Stored data entries

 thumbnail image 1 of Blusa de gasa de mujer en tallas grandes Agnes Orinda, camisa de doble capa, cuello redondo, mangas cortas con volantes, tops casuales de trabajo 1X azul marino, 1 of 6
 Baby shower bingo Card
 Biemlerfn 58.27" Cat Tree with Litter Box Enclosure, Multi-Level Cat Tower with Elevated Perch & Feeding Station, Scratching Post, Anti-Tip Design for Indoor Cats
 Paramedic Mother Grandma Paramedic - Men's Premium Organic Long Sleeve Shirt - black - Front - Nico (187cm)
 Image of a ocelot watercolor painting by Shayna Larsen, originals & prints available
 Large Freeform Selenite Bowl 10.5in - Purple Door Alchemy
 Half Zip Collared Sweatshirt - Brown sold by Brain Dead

■ PROBLEM DESCRIPTION: Reproduce each record exactly as it appears.

■ RESPONSE:
 thumbnail image 1 of Blusa de gasa de mujer en tallas grandes Agnes Orinda, camisa de doble capa, cuello redondo, mangas cortas con volantes, tops casuales de trabajo 1X azul marino, 1 of 6
 Baby shower bingo Card
 Biemlerfn 58.27" Cat Tree with Litter Box Enclosure, Multi-Level Cat Tower with Elevated Perch & Feeding Station, Scratching Post, Anti-Tip Design for Indoor Cats
 Paramedic Mother Grandma Paramedic - Men's Premium Organic Long Sleeve Shirt - black - Front - Nico (187cm)
 Image of a ocelot watercolor painting by Shayna Larsen, originals & prints available
 Large Freeform Selenite Bowl 10.5in - Purple Door Alchemy
 Half Zip Collared Sweatshirt - Brown sold by Brain Dead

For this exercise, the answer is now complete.